The Origin of the Computer: Counting Noses


I was interested to learn that it was the U.S. Census that provided the compelling need for the development of the calculating machine, the predecessor of the computer. Herman Hollerith was a young engineer who went to work for the U.S. Census Bureau in 1880. He witnessed firsthand the long and tedious hand tabulation methods used on the 1880 Census data. It took the Census Bureau eight years to finish the tabulations! Hollerith saw the need but nothing came of it immediately.

Hollerith left the Census Bureau for a teaching position at MIT in 1882. He began looking at ways to encode information in punch marks on a continuous paper tape. The needle penetrating through the holes would complete an electric circuit and trigger an electric counter. But the paper tape had too many problems to be practical. On a train ride, Hollerith observed the conductor punching his train ticket. As Harold Ellis relates in They Made America:

The train ticket that Hollerith handed the conductor was also a form of identity card, called a punch photograph, which matched the presenter of the ticket with the purchaser. "The conductor punched out a description of the individual as 'light hair, dark eyes, large nose, etc.' said Hollerith, who then commented on his adaptation of this system to the census: "So you see, I only made a punch photograph of each person."


On January 8, 1889, he was issued U.S. Patent 395,782 , claim 2 of which reads:

The herein-described method of compiling statistics, which consists in recording separate statistical items pertaining to the individual by holes or combinations of holes punched in sheets of electrically non-conducting material, and bearing a specific relation to each other and to a standard, and then counting or tallying such statistical items separately or in combination by means of mechanical counters operated by electro-magnets the circuits through which are controlled by the perforated sheets, substantially as and for the purpose set forth.


Hollerith's invention intrigued the Census Bureau but it did not take it by storm. The Bureau arranged a trial between three competing systems on a limited set of data. Hollerith's machine trounced the other two contenders. The Census Bureau ordered multiple machines, machines that Hollerith had no factory to produce. He contracted his electric tabulators to Western Electric and his punch card machines to Pratt and Whitney. Where it had taken eight years to complete the 1880 Census, it took only one year to complete the tabulations for 1890, even though the population had grown by twenty-five percent.

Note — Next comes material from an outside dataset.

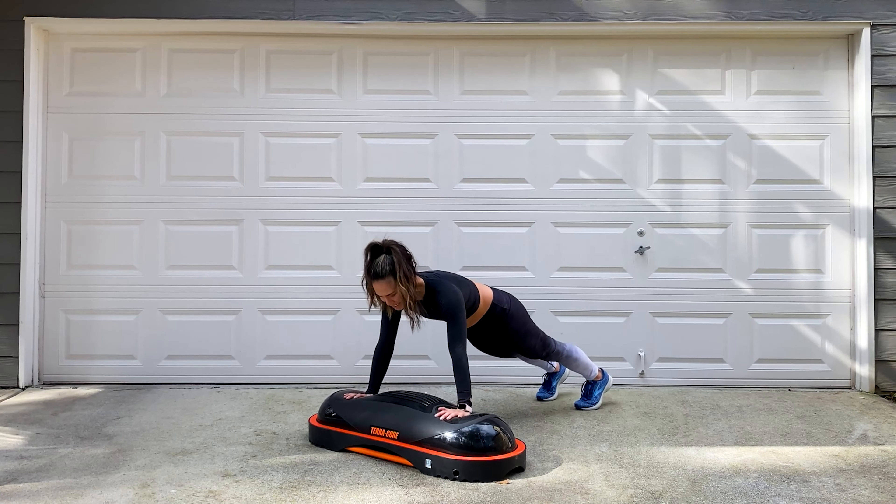Walk it out. Donkey jumps — up and overs — are coming up next. Feet together jump or you can stagger it. Place your hands on top of that dome, get into position, take a breath. Three, two, one, let's go. You want to clear that Terracore — modify if needed. If you want to bring it up more, can you bring your heels all the way up to your glutes? Still trying to land with soft feet, soft knees. Just think — you're burning so many calories doing these exercises on the Terracore with that unsteady surface. Three, two, one, and stop.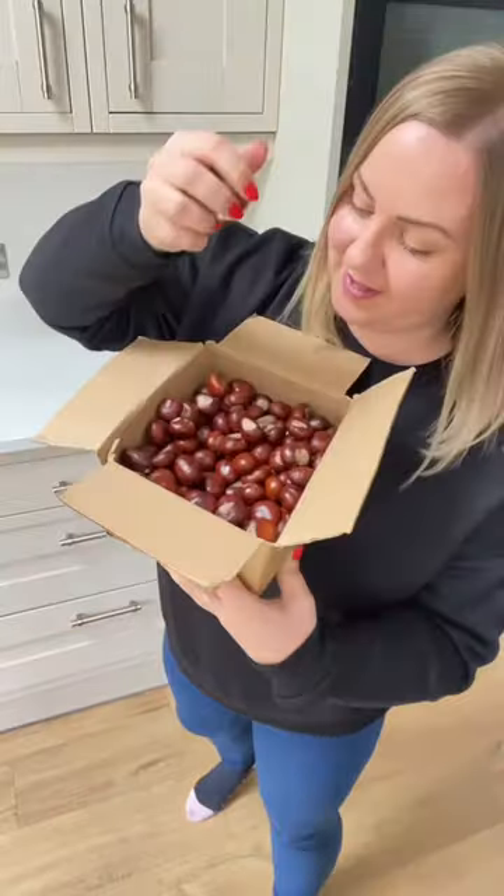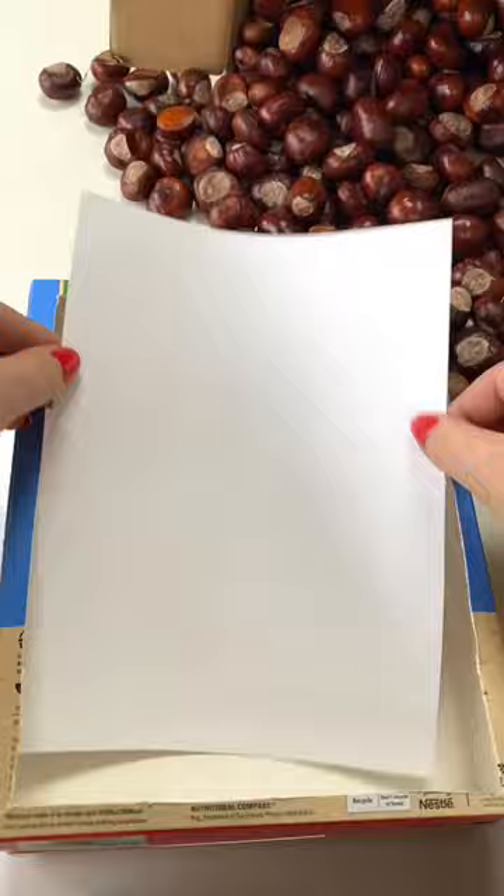It's that time of year again where you have no doubt got a conker stash. Grab a tray or, like me, use a recycled cereal box. Add a piece of card and squirt in your paint. Add a handful of conkers and use them for marble painting.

You might have thought people would have been thrilled. Hollerith's tabulations showed that the United States in 1890 had 62,622,250 people. Some people felt that the numbers were much too low to represent the grand growth they saw everywhere around them. The New York Herald even ran a headline stating:

SLIPSHOD WORK HAS SPOILED THE CENSUS
MISMANAGEMENT THE RULE
Speed Everything, Accuracy Nothing!



Hollerith's calculations stood the test and the he was vindicated. Hollerith's invention found immediate acclaim and for the next 15 years it was used to tabulate census data not only in the U.S. but also in many other countries. But success was not to last. Hollerith charged exorbitant fees to census bureaus to lease his machines. The U.S. Census Bureau balked after the 1900 Census and invented a machine of their own. The competition soon surpassed his devices and his company languished.

In 1912, Hollerith sold the company to the Computer Tabulating Recording Company. This company was created from a variety of lackluster companies in the general field. It continued to languish until Thomas Watson, Sr. took over as the head of sales and marketing. Hollerith was still chief design consultant for the company, but he hated Watson. They hardly ever spoke. Hollerith finally left the company entirely in 1921. The company was renamed the International Business Machine Company (IBM) and the rest, as they say, is history.